### Material to process
· · · ·

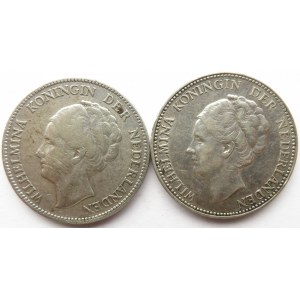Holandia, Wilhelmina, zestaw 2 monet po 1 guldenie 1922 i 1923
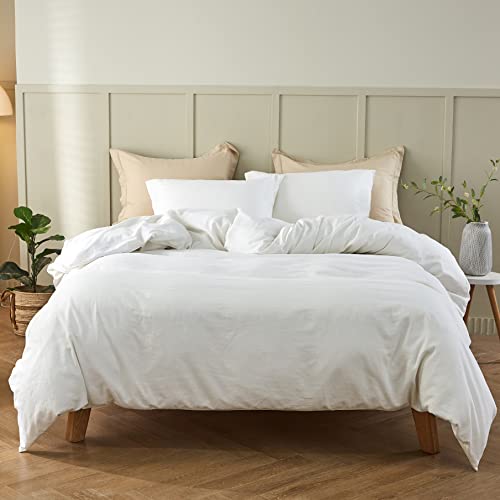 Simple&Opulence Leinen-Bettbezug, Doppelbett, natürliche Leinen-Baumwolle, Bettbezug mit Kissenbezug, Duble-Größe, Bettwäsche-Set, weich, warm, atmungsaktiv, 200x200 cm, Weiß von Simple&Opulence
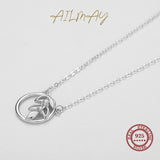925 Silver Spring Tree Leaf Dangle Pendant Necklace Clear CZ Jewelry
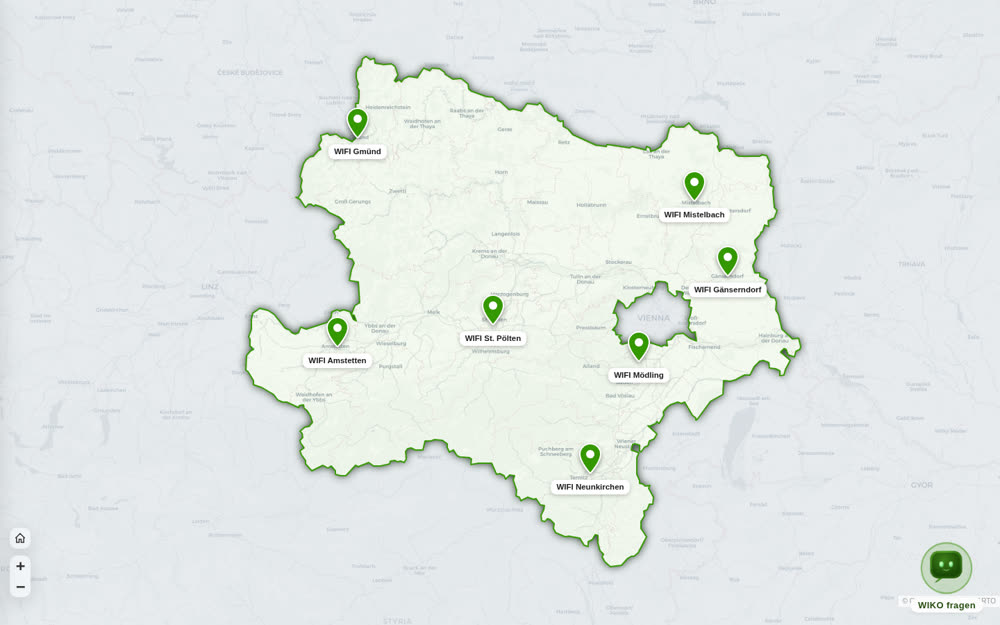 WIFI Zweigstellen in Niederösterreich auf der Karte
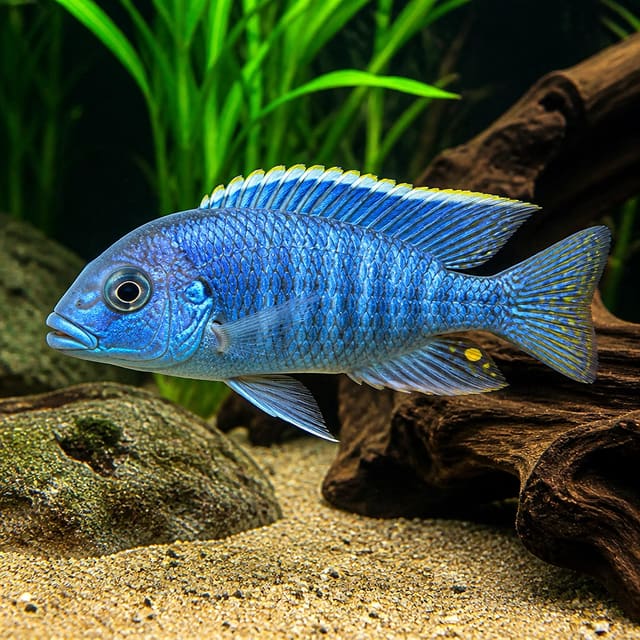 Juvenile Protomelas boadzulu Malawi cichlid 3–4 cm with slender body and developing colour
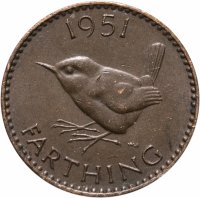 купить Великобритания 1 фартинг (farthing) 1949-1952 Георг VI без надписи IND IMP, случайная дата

· · · ·

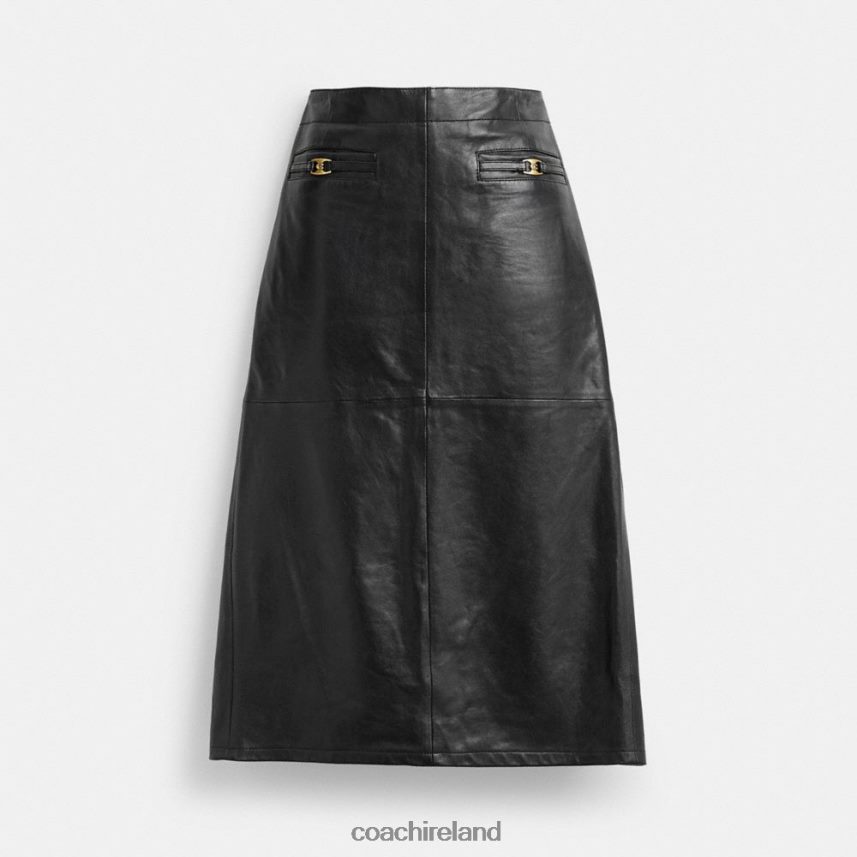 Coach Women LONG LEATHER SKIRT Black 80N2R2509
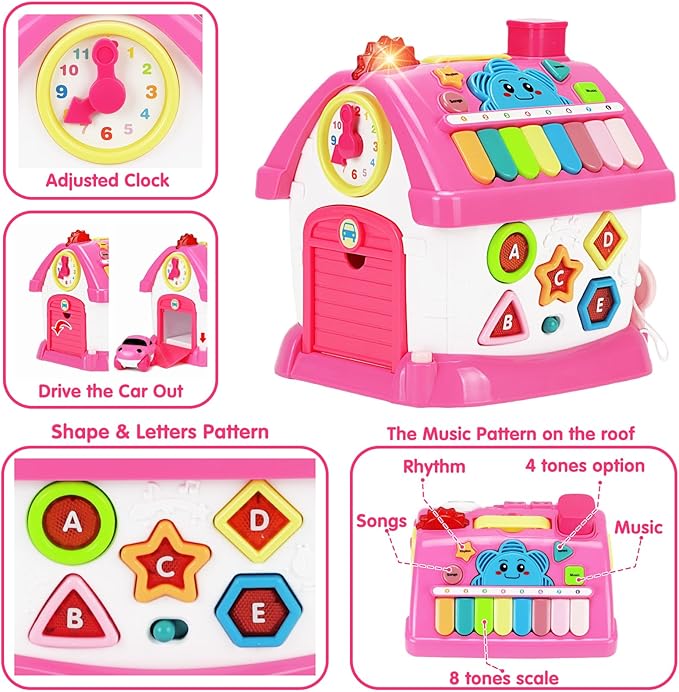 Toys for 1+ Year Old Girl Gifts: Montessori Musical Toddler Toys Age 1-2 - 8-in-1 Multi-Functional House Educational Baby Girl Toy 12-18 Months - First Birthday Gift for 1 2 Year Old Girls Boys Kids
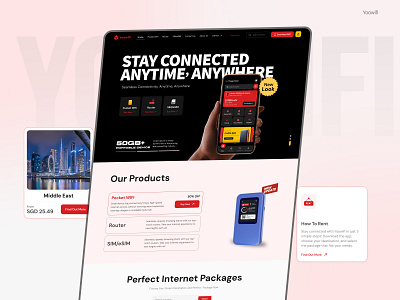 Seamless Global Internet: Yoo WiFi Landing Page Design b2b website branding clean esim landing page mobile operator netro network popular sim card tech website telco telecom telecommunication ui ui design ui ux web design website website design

· · · ·

A word-for-word reproduction is needed of the lines above from the line containing "Holandia, Wilhelmina, zestaw" through the line containing "WIFI Zweigstellen in", with both ends kept and no pictures.

### Output for this task
Holandia, Wilhelmina, zestaw 2 monet po 1 guldenie 1922 i 1923
 Simple&Opulence Leinen-Bettbezug, Doppelbett, natürliche Leinen-Baumwolle, Bettbezug mit Kissenbezug, Duble-Größe, Bettwäsche-Set, weich, warm, atmungsaktiv, 200x200 cm, Weiß von Simple&Opulence
925 Silver Spring Tree Leaf Dangle Pendant Necklace Clear CZ Jewelry
 WIFI Zweigstellen in Niederösterreich auf der Karte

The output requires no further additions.